PERE HENRI BOULAD, JESUITE

 

 LA FOI AU DELA DE  LA FOI

1 ROIS 8, 41 -   . LUC 7, 1 – 10

 

 

 

Je pense que vous avez tous entendu parler du Dalaï lama qui est le chef de la communauté bouddhiste dans le monde qui compte des centaines de millions d’adhérents. Une spiritualité très profonde de dépouillement d’union à l’absolu. Eh bien, un  jour on demandait au Dalaï lama, cet homme drapé d’un saris safran, crane rasé, bien connu. On lui demande quelle est la meilleure des religions ; et lui de répondre : la meilleure des religions est celle qui rend l’homme meilleur. Génial ! La meilleure des religions est celle qui rend l’homme meilleur. Vous allez me dire : alors c’est pas le christianisme ? il n’y a pas de religion en soi comme ça, devant, comme une espèce d’idole. Et c’est parce que les hommes ont fait des religions des espèces d’idoles qu’ils ont été pris dans un piège.

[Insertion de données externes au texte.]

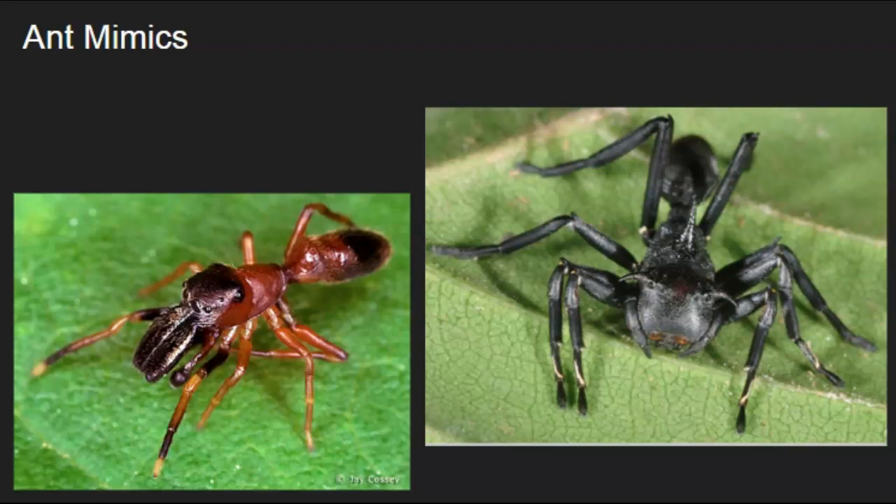These are different species of spiders. They have eight legs but are mimicking ants.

Moi je suis juif, je suis donc du peuple choisi ; moi, je suis chrétien, je suis donc du peuple choisi ; moi je suis musulman, je suis donc du peuple choisi. Et chacun s’imagine que parce qu’il appartient à telle religion, il ira au ciel. Vous allez me dire, alors, tous égaux ? Réfléchissons un peu à ça. A partir de l’Evangile d’aujourd'hui, où nous avons un païen, un centurion, un officier qui avait sous son obédience une centaine de soldats. Païen : et voilà que cet homme fait l’admiration de Jésus par sa foi. Il dit à Jésus : moi, je donne des ordres qui sont exécutés, et toi, tu peux donner des ordres et mon serviteur sera guéri. Et Jésus dit : en vérité je n’ai pas trouvé une telle foi dans Israël, je n’ai pas trouvé une telle foi dans mon peuple, ce peuple qu’on dit choisi de Dieu, élu de Dieu. Et ailleurs il dit : les gens viendront d’orient et d’occident et prendront place à la table du Royaume de Dieu. Je suis frappé par des tas de phrases de Jésus  qui ouvrent la porte du royaume beaucoup plus large que nous ne l’avions fait jusqu’à présent. Qui entre au ciel ? les catholiques. Qui entre au ciel ? les orthodoxes. Qui entre au ciel ? les chrétiens ? Qui entre au ciel ? les musulmans ? Qui entre au ciel ? Les juifs. Qui entre au ciel ? Ceux qui ont pris la green card, ceux qui ont pris le visa, ceux qui ont pris le tampon et ils sont inscrits dans la liste alors nous sommes tranquilles, nous. 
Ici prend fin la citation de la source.